### [About this task]
What follows is a listing; repeat exactly, and only, its lines from the one holding "Lustră LED pătrată" through the last, leaving any pictures out.

### [Given material]
· · · · ·
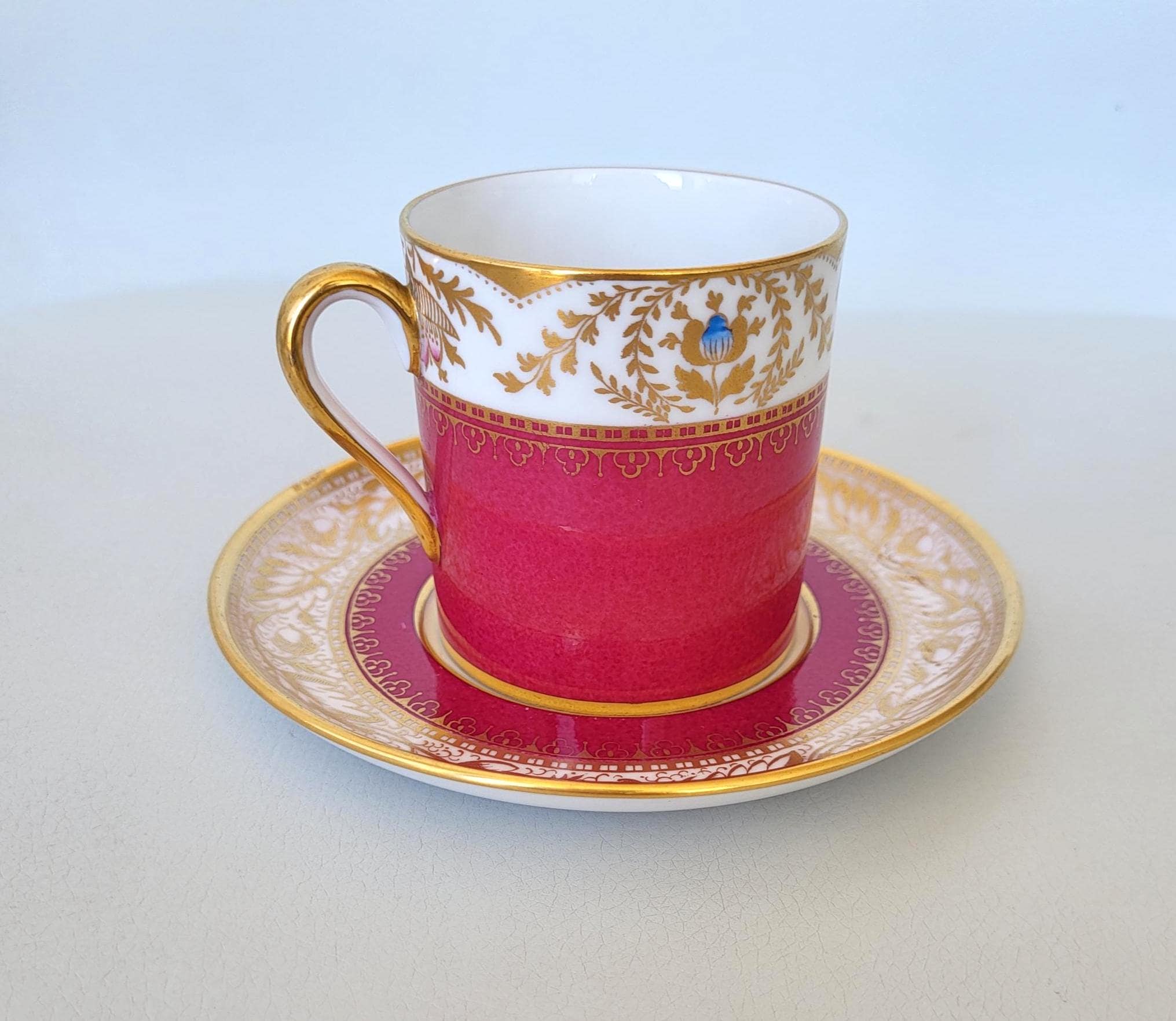 SPODE 磁器製コーヒーカップ＆ソーサー「リージェント」ペア - ルビー
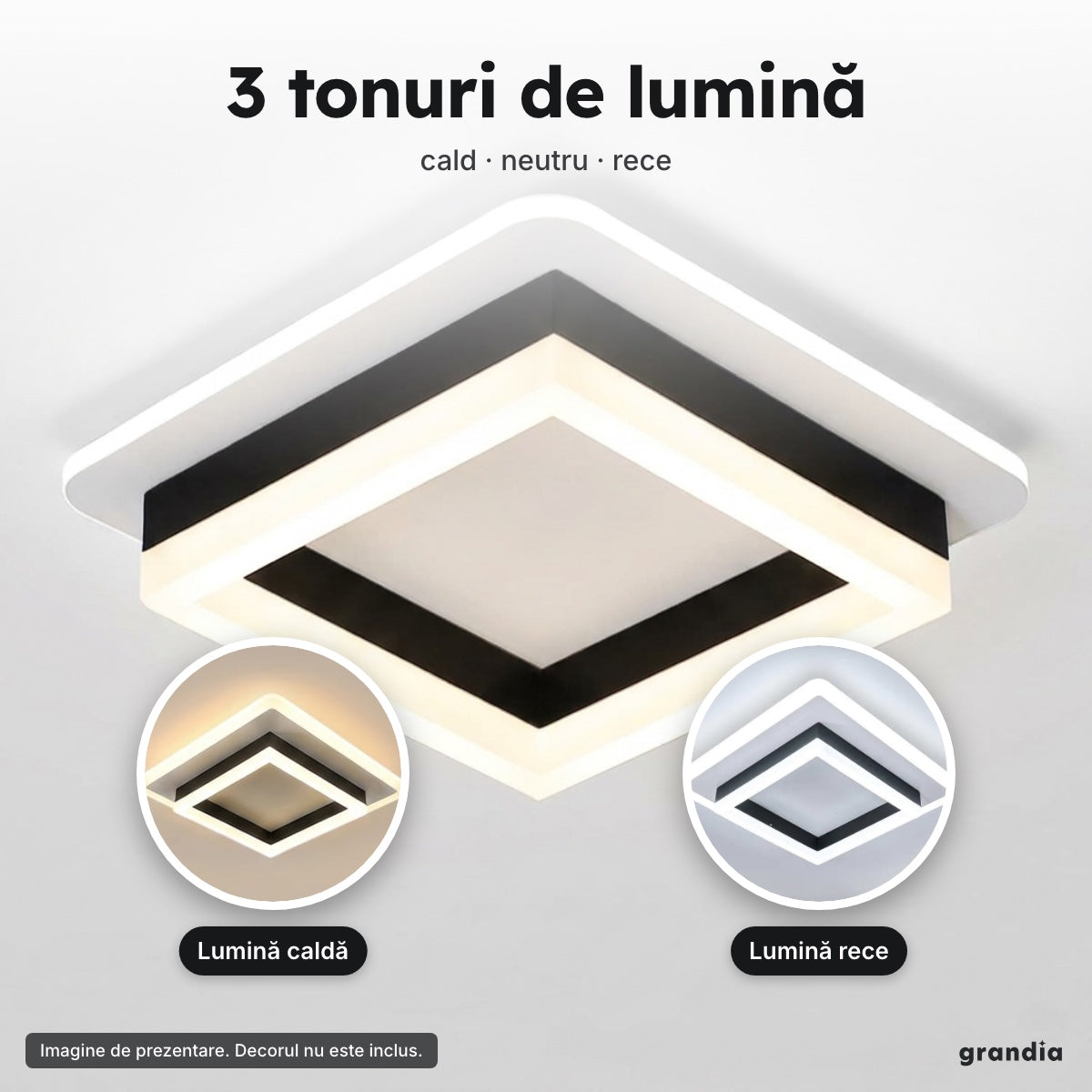 Lustră LED pătrată neagră (hol) – 3 tonuri de lumină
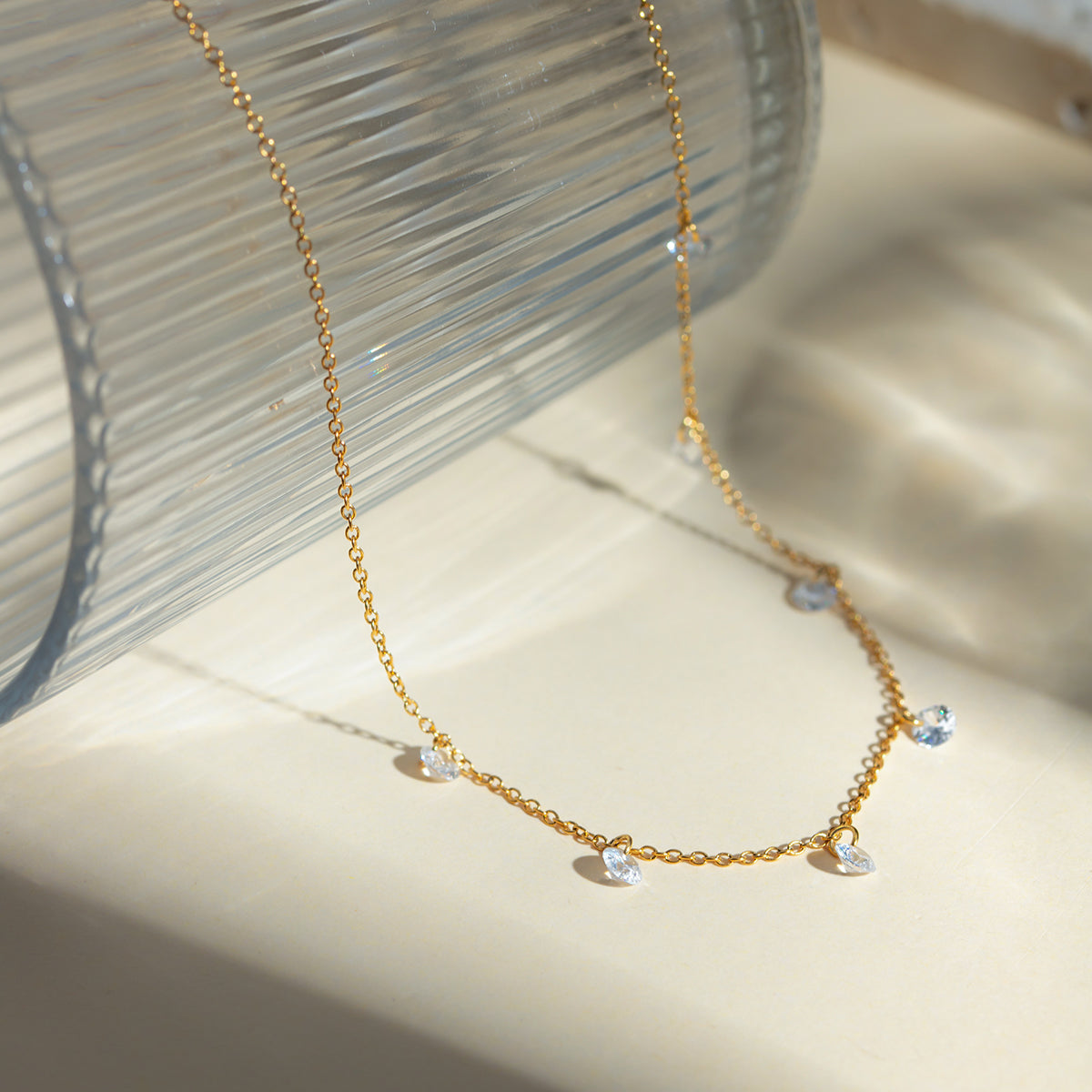 Stainless Steel Rhinestone Charm Necklace-Bijou Crush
· · · · ·
### [Answer space]
 Lustră LED pătrată neagră (hol) – 3 tonuri de lumină
 Stainless Steel Rhinestone Charm Necklace-Bijou Crush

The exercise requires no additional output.